On 16/04/2014 07:48, Torsten Bögershausen wrote:
On 15.04.14 21:10, Peter Krefting wrote:
Torsten Bögershausen:
diff --git a/utf8.c b/utf8.c
index a831d50..77c28d4 100644
--- a/utf8.c
+++ b/utf8.c
Is there a script that generates this code from the Unicode database files, or did you hand-update it?
Some of the code points which have "0 length on the display" are called
"combining", others are called "vowels" or "accents".
E.g. 5BF is not marked any of them, but if you look at the glyph, it should
be combining (please correct me if that is wrong).
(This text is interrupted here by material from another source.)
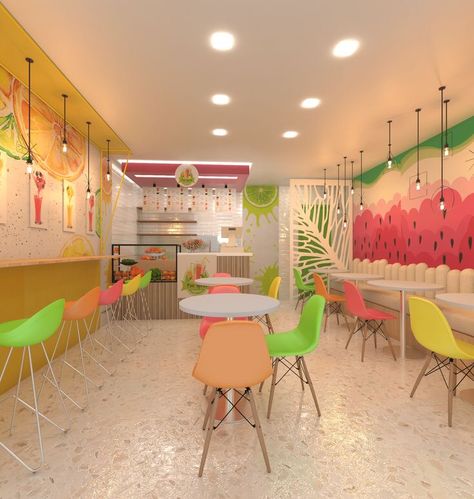 Colorful Cafe Interior Design, Colorful Restaurant Design, Heladerias Ideas Decoracion, Neon House, Colorful Cafe, Juice Bar Design, Small Restaurant Design, Smoothie Shop, Cafe Concept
Indeed it is combining (more specifically it has General Category
"Nonspacing_Mark" = "Mn").
If I could have found a file which indicates for each code point, what it
is, I could write a script.
The most complete and machine-readable data are in these files:
http://www.unicode.org/Public/UCD/latest/ucd/UnicodeData.txt
http://www.unicode.org/Public/UCD/latest/ucd/EastAsianWidth.txt
The general categories can also be seen more legibly in:
http://www.unicode.org/Public/UCD/latest/ucd/extracted/DerivedGeneralCategory.txt
For docs, see:
http://www.unicode.org/reports/tr44/
http://www.unicode.org/reports/tr11/
http://www.unicode.org/ucd/
The existing utf8.c comments describe the attributes being selected from
the tables (general categories "Cf","Mn","Me", East Asian Width "W",
"F"). And they suggest that the combining character table was originally
auto-generated from UnicodeData.txt with a "uniset" tool. Presumably this?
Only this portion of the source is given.